Foul Ball: MLB’s Billionaire Owners Keep Getting Richer While Baseball Fans Face Affordability Crisis
Average Owner Worth $4.7 Billion While Day at Ballpark Costs Over $225
With the new Major League Baseball (MLB) season underway, the economic divide between team owners and fans is clearer than a strike down the middle of the plate, according to a new review by Americans for Tax Fairness (ATF). Major League owners have an average net worth of $4.7 billion, which translates into annual income of over $260 million. Meanwhile, a day at the ballpark for a family of four averages over $225 and free broadcasts of games are on the wane as the sport moves increasingly to streaming.
All the MLB owners fall into the top 0.1% of highest-income households and thus each will enjoy an average tax cut of $286,000 in 2026 (with more to follow in future years) thanks to last year’s Trump-GOP tax-and-spending law. Their families will all receive a $6 million reduction in the estate tax if it’s owed in 2026, and more in later years. But all except the wealthiest baseball fans will wind up paying more because of what was included and excluded from the Republican law plus Trump’s price-hiking tariffs.
The $225 average cost of watching a game in person assumes cheap tickets and thrifty family eating habits (two beers, two sodas, four hot dogs) and excludes merchandise purchases. The cost tops $400 at Dodger Stadium and runs over $300 to take in the Red Sox, A’s and Cubs. The latest MLB.tv streaming deal tied pricing to a subscription to ESPN.
All but three of MLB’s 30 teams are owned by billionaires, billionaire families or in two cases corporations with market value of over a billion dollars. The “poorest” baseball owner, the Reds’ Bob Castellini, is worth an estimated $400 million. The average owner wealth of $4.7 billion is about 25,000 times more than the average wealth of American households, which stood at slightly less than $200,000 as of 2022 (the latest year with available data).
Baseball players are well-paid, but the difference in the tax treatment of their income compared to that of their bosses is as wide as the outfield. Because they are compensated for their labor–playing a 162-game schedule–players are mostly taxed at 37% on their multi-million-dollar salaries. Because owners let other people do the work and instead live off their money, owners are never taxed at more than 20% on the bulk of their income.
How We Can Even the Playing Field
MLB’s billionaire owners are among the super wealthy benefitting from Trump-GOP fiscal policies while fans must add rooting for the home team to the list of things that cost too much.
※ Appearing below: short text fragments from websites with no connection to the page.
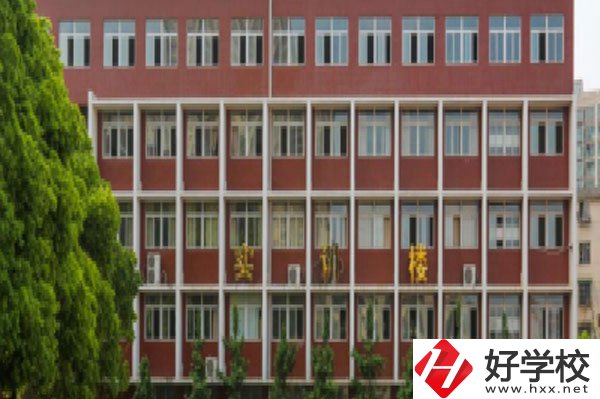 湖南工業(yè)貿(mào)易學(xué)校的移動商務(wù)專業(yè)怎么樣？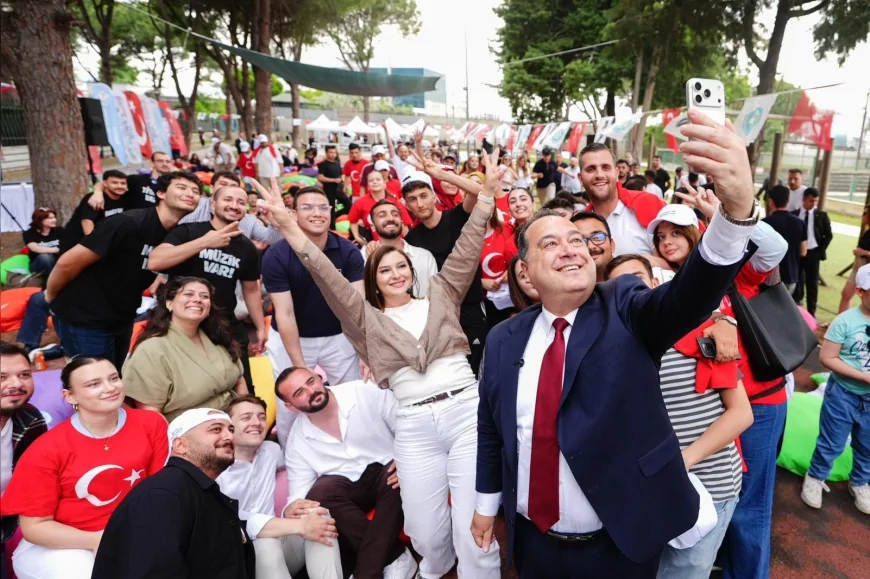 MANİSA BÜYÜKŞEHİR BELEDİYE BAŞKANI BESİM DUTLULU 19 MAYIS’TA GENÇLERLE SÜMERPARK’TA BULUŞTU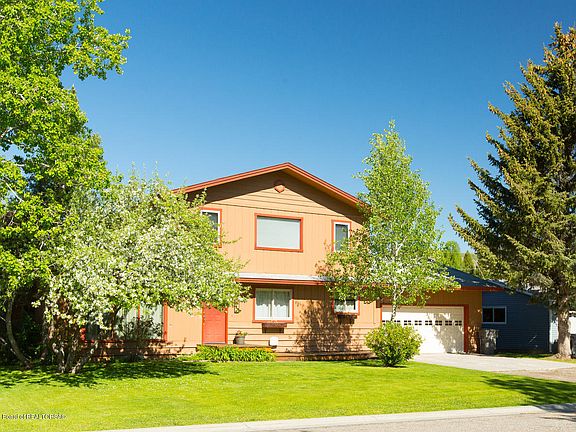2nd image of 45 Wapiti Dr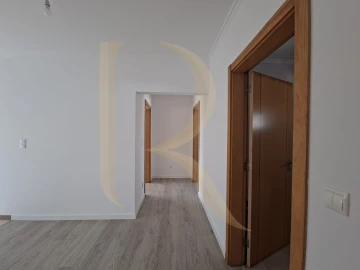 Moradia T5 para Venda em Laranjeiro e Feijó
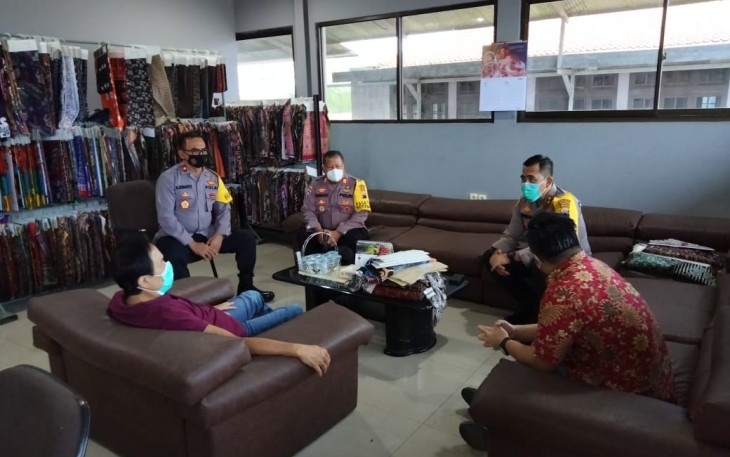 Kunjungan Kapolres Pekalongan Kota di kediaman Bpk Yanto Jl Ahmad Yani Kec Pekalongan Timur guna mempererat tali silaturahmi bersama para tokoh ulama / Tokoh Masyarakat Selasa, (5/1/2021)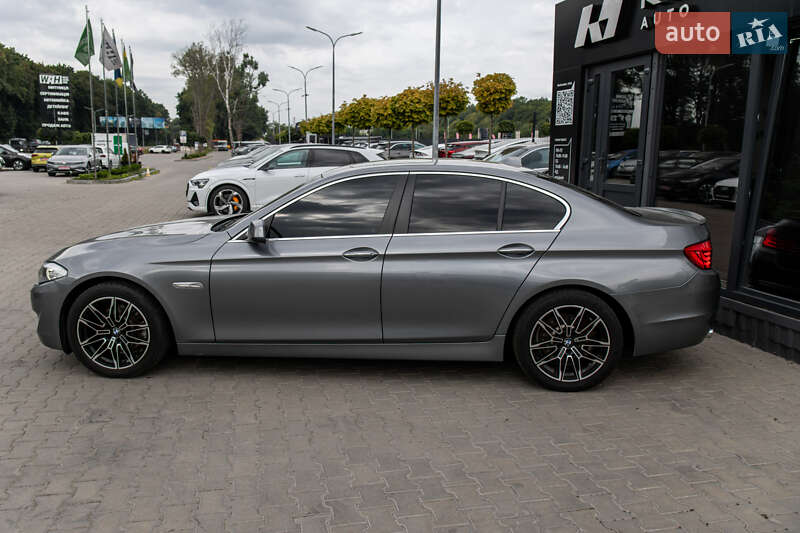 Седан BMW 5 Series 2011 в Львові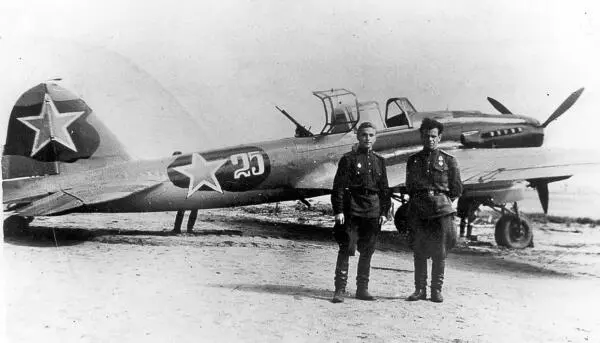 171944 Экипаж самолета Ил2 17 ГШАП Гвардии лейтенант ВН Парфенов и - фото 22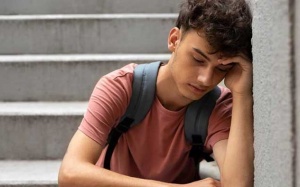 Vì sao nhiều người trẻ ngày nay không thấy hạnh phúc?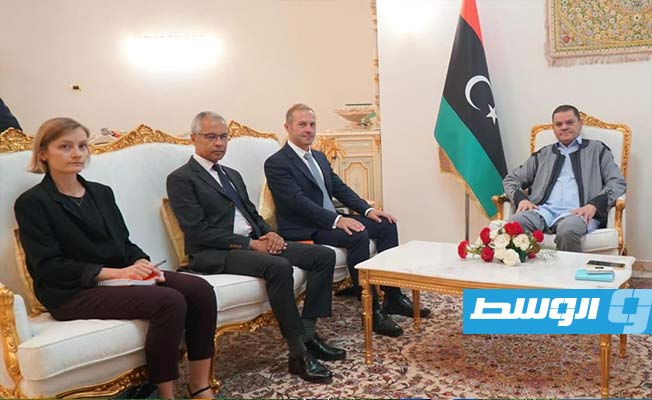 مبعوث الرئيس الفرنسي الخاص إلى ليبيا خلال لقائه الدبيبة 30 أغسطس 2023 (سفارة فرنسا لدى ليبيا)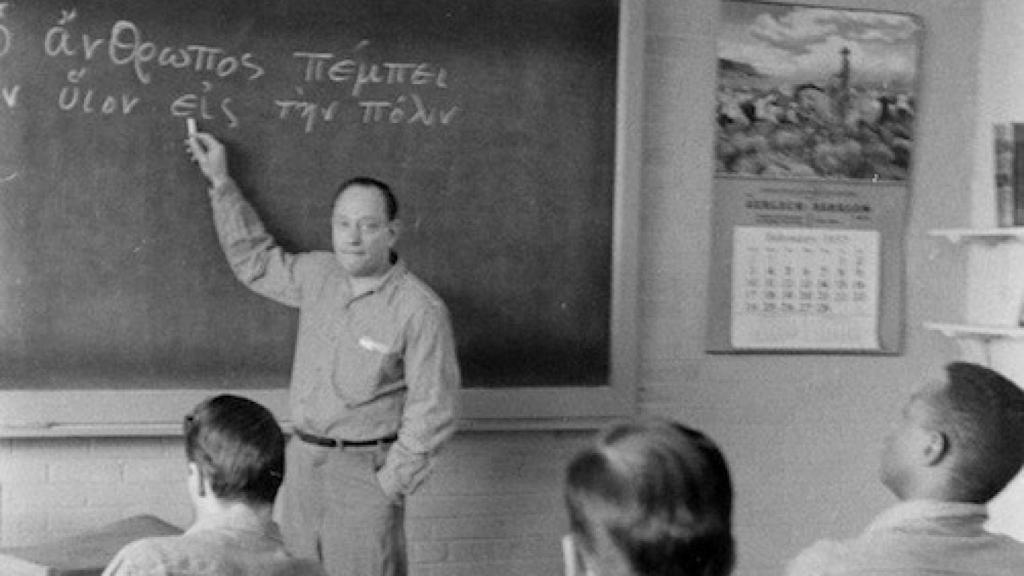 Nathan Leopold, preso ejemplar, impartiendo clases en la cárcel.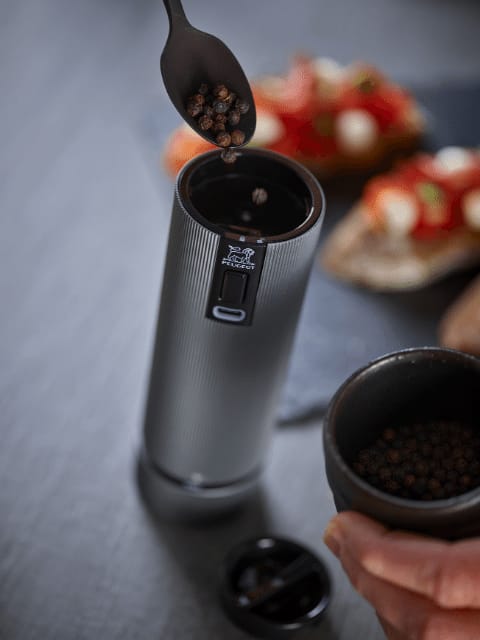 Line Electric Pepper Mill 15 cm, Carbon Peugeot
Fairer taxes on the rich with the revenue invested in our communities would be a winning double play for workers and families.
By more fairly taxing billionaires we can raise revenue that would make life more affordable not only for baseball fans but Americans more generally. Several leading Democrats in Congress have plans for how to even the playing field for ordinary workers and families.
Sen. Elizabeth Warren (D-MA) and Reps. Brendan Boyle (D-PA) and Pramila Jayapal (D-WA) have proposed the Ultra-Millionaire Tax, which would place a 2% annual tax on wealth exceeding $50 million and 3% on fortunes of over a billion dollars. Sen. Bernie Sanders (I-VT) and Rep. Ro Khanna (D-CA) have introduced the Make Billionaires Pay Their Fair Share Act, which would create a 5% wealth tax on billionaires and invest the resulting revenue in a half dozen initiatives including direct cash payments to working- and middle-class families, better funded healthcare, and more housing construction. The Sanders proposal would raise $4.4 trillion over 10 years; the Warren proposal, $6.2 trillion.
Sen. Ron Wyden (D-OR), the ranking Democrat on the tax-writing Finance Committee, along with Reps. Don Beyer (D-VA) and Steve Cohen (D-TN), would create the Billionaires Income Tax. This plan would not tax wealth but rather the annual increase in wealth of billionaires and those who consistently have income above $100 million. Their proposal would raise some $500 billion in revenue over a decade.
Sen. Chris Van Hollen (D-MD) and Rep. Don Beyer (D-VA) have crafted a Millionaires Surtax: a 10% charge on family incomes above $2 million ($1 million per individual). Crucially, the tax would apply both to ordinary income (which mostly means wages) as well as the kinds of investment income that normally are taxed under a separate and more generous schedule. It’s estimated that it would raise $1.5 trillion of revenue over 10 years.